The Paperbark Maple’s dark cinnamon exfoliating bark captures attention during the winter months after its foliage has fallen. (Photo courtesy Ginny Rosenkranz)

October is a great month for planting trees that have a robust root system.
The weather has cool temperatures with some rain making it a wonderful month for newly planted tree roots to get established into their new soil home.
Choosing a tree should not be a spur of the moment idea, some thought should be given to how tall and wide the tree will eventually get because it is not a good idea to plant large trees too close to homes and other buildings or too close to power lines.
Trees that lose their leaves in the fall are deciduous trees, and are perfect for planting on the southwest side of a home to help shade and cool the home during the heat of summer.
Because they lose their leaves in the fall, they can let winter sunlight in to help warm the home during the coldest time of the year. A single story home can have a shade tree that gets 30 feet tall while a two story home needs a tree that can grow 50 feet tall.
Some trees are chosen for the size and shape of the tree itself while others are chosen for the size and shape of the leaves or the fall color.
Other trees can be considered for their interesting bark that looks good in the summer and is outstanding during the winter months.
The Paperbark Maple, Acer griseum, can grow 20-30 feet tall and wide, making it more an ornamental tree with upright growth and an oval to rounded crown.
The tri-foliate leaves are dark bluish green on top and pale green on the underside, but it is the dark cinnamon exfoliating bark that captures the attention during the winter months when the foliage has fallen.
The rich dark bark curls at the edges catching the light and creating soft shadows on the trunk and branches of the tree.

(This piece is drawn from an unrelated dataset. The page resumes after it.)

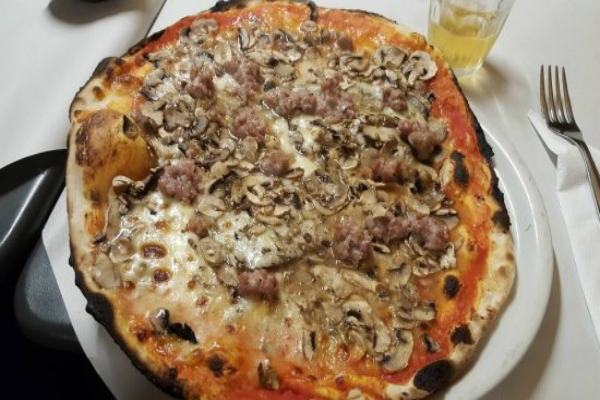 pizzeria da remo testaccio pizza romana bassa boscaiola funghi salsiccia fritti supplì fiori di zucca filetto baccalà migliore pizza bassa a roma classifica 10 migliori pizze basse romane the best pizza in rome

There are two nice cultivars, “Cinnamon Flake,” which has finer shredding of the bark and Gingerbread that has thinner shredding of the bark.
The Paperbark Maple loves to grow in full sun and moist but well drained soils.

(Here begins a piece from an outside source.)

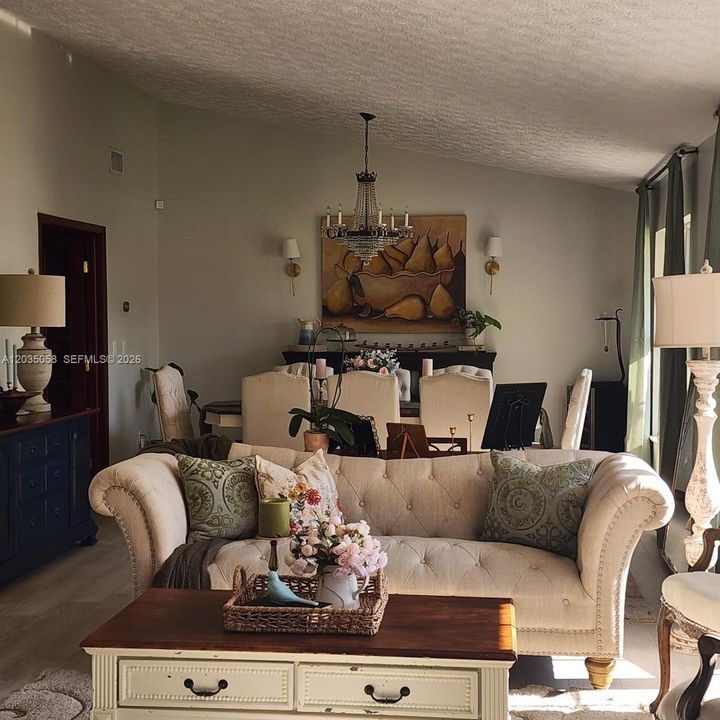 For Rent: $4,600 (4 beds, 3 baths, 2597 Square Feet)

They can thrive in the heat of the Eastern Shore summers and in the fall the leaves turn a bright orange red that glows in the landscape. Another tree with beautiful exfoliating bark is our native River Birch, Betula nigra, which loves to live in a full sun to partial shade but needs moist to wet soils to thrive.

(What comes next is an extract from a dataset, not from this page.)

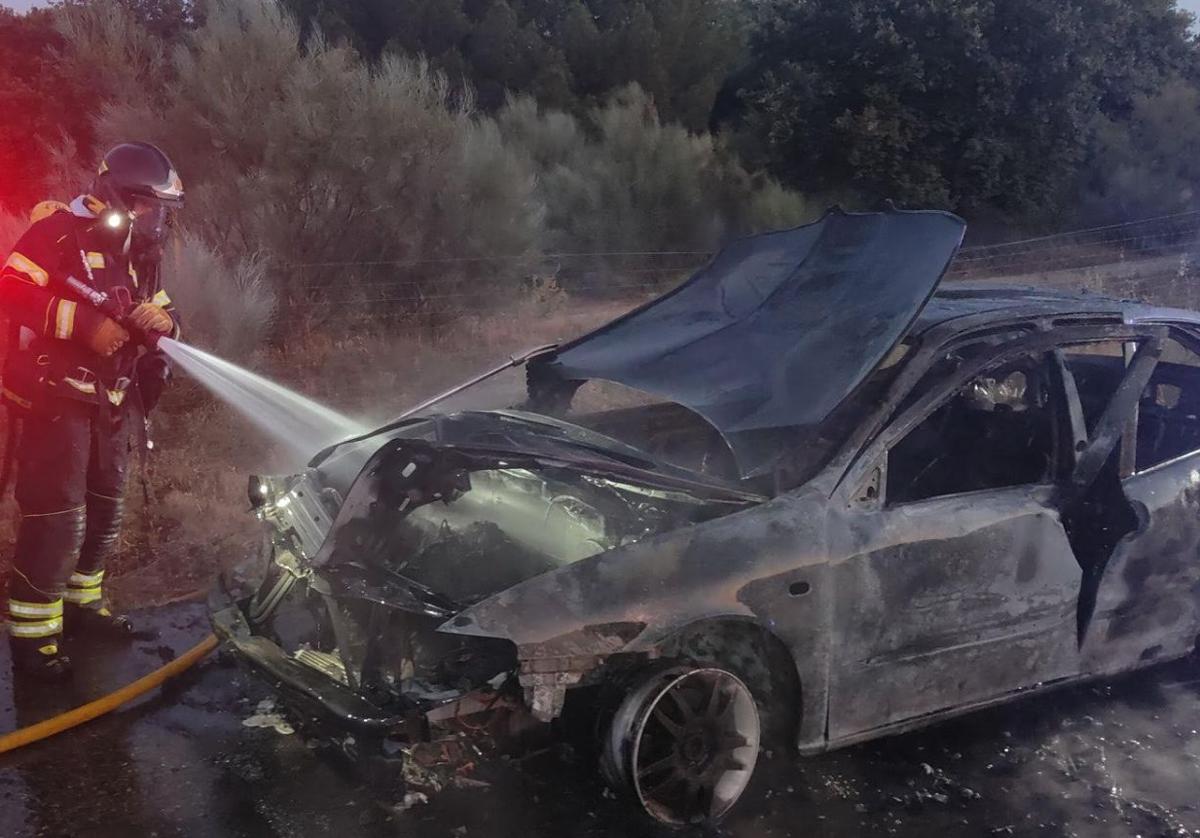 Labores de extinción del incendio del vehículo en la N-601.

The River Birch can grow 40 to 60 feet tall with an oval crown and leaves with medium green color on the top and a soft white-green on the underside of the leaves.
It can grow as a single trunk or grouped with three trunks. The thin papery bark can be gray-brown, salmon-brown, cinnamon-brown or a reddish brown which curls at edges to expose a lighter under bark color.
Two cultivars to consider are “Cinnamon Bark,” which has very light under bark color and City Slicker, which has darker green leaves, dark cinnamon-brown bark with white under bark color.
City Slicker also has better resistance to the Bronze Birch Borer.
The River Birch leaves turn soft yellow in the autumn, then fall to reveal the lovely bark.
Crape Myrtle, Lagerstroemia indica “Natchez” can grow 25-30 feet tall with a rounded crown, small oval dark green leaves and beautiful clusters of curling white crape paper like flowers.
It also has a soft tan bark that exfoliates to reveal a pale red under bark.
Unlike the Paperbark Maple and the River Birch, the Crape Myrtle’s bark curls off in large sections, leaving a small pile of long thin curls at the base of the trees. “Natchez” thrives in both the heat and the high humidity of the Shore and shows good resistance to Powdery Mildew which can plague the older cultivars.
The plants grow with two to three strong trunks and a rounded crown.
They like to grow in sandy or clay soils with moist but well drained soils, and once established are very drought tolerant.
“Natchez” flowers three times during the summer with the bright white shining against the dark green leaves.
In the fall the leaves turn a soft orange red color then leave the tree to show off the lovely red and tan bark.
(Editor’s Note: Ginny Rosenkranz is a commercial horticulture specialist with the University of Maryland Extension.)